今日(土曜日)と明日(日曜日)はリハビリがない。
天国である 笑
(自主トレのメニューは渡されている)

今日は夫が休みだったので面会に来てくれた。
面会時間は、平日は15時〜なのだが、土日は13時〜。

夫は、病棟の前で並んで待っていたのかと思うほど13時になるとすぐにやってきた。

わたしが頼んでいた細々としたもの(予備のマスク、イヤホンの充電コード、ハチミツ用の小さなスプーン等)と、家を出る直前に淹れた熱々のコーヒーの入ったマグボトル、そして、甘いもの少し。

このコーヒーが嬉しい。

我が家の朝は、夫の淹れるコーヒーから始まる。
わたしたちは、暮らし自体にそれほどこだわりはないけれど、コーヒー豆だけはおいしいものを選んでいる。現在は、もう10年くらい岡山県のお店から取り寄せているコーヒー豆がお気に入り。二人とも苦いコーヒーが苦手なので、今飲んでいる 苦味の少ない 花やフルーツの香りのするようなナチュラル製法の浅煎り豆がすごく気に入っている。

当たり前だが入院中はそのコーヒーが飲めないので、面会の時に夫が持ってきてくれるコーヒーは、今のわたしにはものすごく貴重だし嬉しい。

二人部屋のベットを仕切るカーテンの内側で、夫と他愛のない話をしながら、ちょっとした甘いもの(この日はスイートポテト)といっしょにコーヒーを飲むのは至福の時だ。(なんかちょっと背徳感がある)

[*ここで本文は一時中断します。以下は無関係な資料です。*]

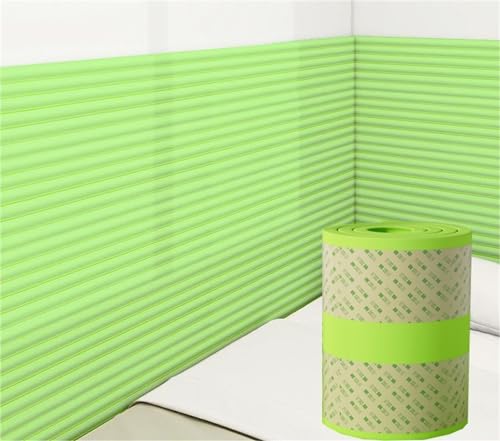 GZGLZDQ 3D Paneele Wand Selbstklebend, Kantenschutz Schaumstoff Selbstklebend Wandkissen, Wandpaneele Gepolstert für Tischkantenschutz Ecken Kantenschutz (Color : Green, Size : 20 cm x 2 m 5pcs) von GZGLZDQ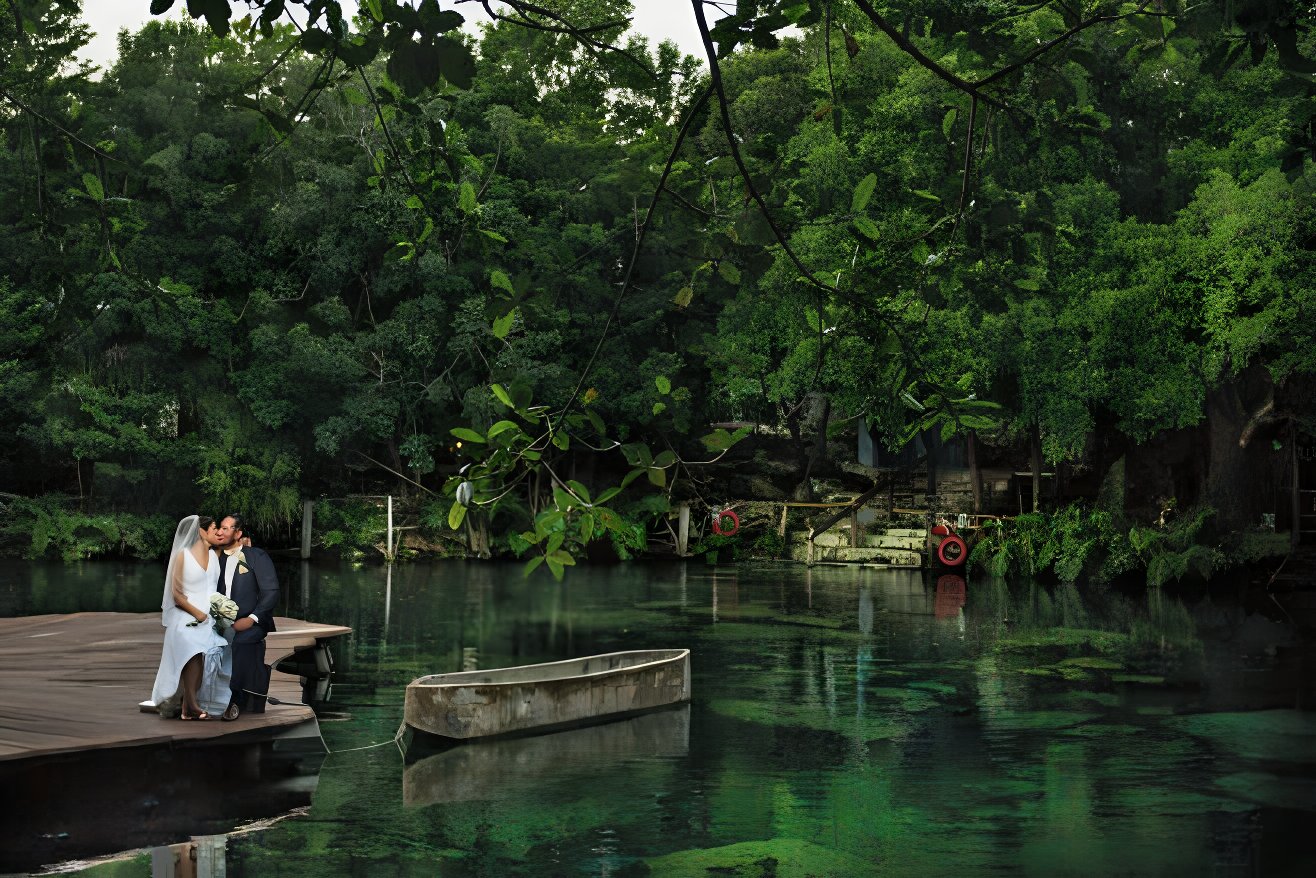 cenote riviera maya destination wedding photography all-inclusive venue couple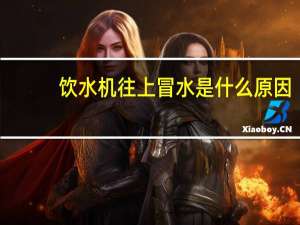 饮水机往上冒水是什么原因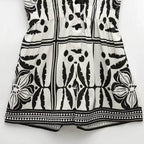 Womens Floral Print Short Blouses - AngraBech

今日は、退院後に向けて、家の中に手すりを設置する話も少しした。

人工股関節置換手術は、もちろん、術前より痛みが軽くなり、もっと動きやすくなり、生活の質が上がることを目的としている。

だがしかし、退院直後すぐにサクサク歩けるようになるかというとそうではない。
退院後もリハビリに通いながら、
家の中で家事というリハビリをすることで少しずつもとの暮らし、いやそれ以上の暮らしを目指す。

経験者の話を聞くと、だいたい半年くらいで「もう何をしてもいいですよ」ということになるらしい。

‥ということで退院直後は手すりが必要になる。その手すりも退院までに、夫が手配してくれることになった。
少しずつ退院に向けて動き始めている。

きっかり30分の面会を終えて夫は帰って行った。

夫を看護師の詰所前まで見送って、自分の部屋に帰ってくると、なんだかとても気持ちが落ち着いて、柔らかな心地よさに包まれていることに気づく。

若い頃はこんなこと(入院手術)が自分に待っているなんて想像もつかなかった。
身体は自由に動くし、やろうと思えばなんでもできた。
あの頃は、それでもなお現状に満足できず、もっともっとといろんなことを求めていたと思う。
夫にも求めていた。

だけど。

いまはもう、夫がコーヒーの入ったマグボトルを持って、30分だけわたしに会いに来てくれるだけで充分すぎるほど幸せだ。

若かった二人が出会って結ばれて、結婚してかれこれ40年。いろんなことがありながら、不器用に時間を重ねてきたその重み、というより深みが、今のこのやわらかであたたかなやさしい時間を感じさせてくれているんだと思う。

マグボトルのコーヒーの味は、わたしたちの幸せの象徴かもしれない。